The technology delivers an “Uber effect”, Mr Njoroge describes, “taking all of these little disconnected pieces between demand and supply and then just bringing the elegance that technology can bring to connect all those pieces”.

He adds: “All of these inefficiencies that you take out of the system result in a better price for the farmer and a better price and more consistent supply for the buyer.”

Other digital companies are working to extend the reach of Kenya’s mobile payments systems in other ways. DPO Group — one of Africa’s biggest payments companies, also headquartered in Nairobi — will this year, in partnership with Mastercard, launch a “virtual card” that can be topped up with mobile money.

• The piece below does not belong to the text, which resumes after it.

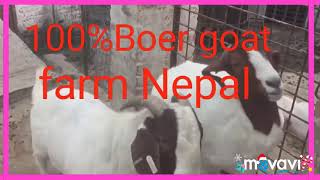 Boer Goat Miting  Xxx goat miting Boer goat  farm Nepal (HD)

Customers will be given a 16-digit number, expiry date and security code so that they can use the digital account globally in a similar way to a debit card.

Though mobile payments like Safaricom’s M-Pesa — which was launched in 2007 — are increasingly used in Kenya to pay for goods and services, few international companies accept the country’s mobile money, including new entrants into the Kenyan market such as streaming service Netflix and ride-hailing platform Uber.

Mobile money transactions reached Ksh3.7tn ($38.5bn) last year, according to Kenya’s central bank, equivalent to almost half the country’s gross domestic product, but it remains a predominantly local payment solution, says DPO chief executive Eran Feinstein.

Linking mobile money with traditional card payment methods will help Kenyans transact not just with each other but with the rest of the world, he says. “Mobile money is only the beginning.”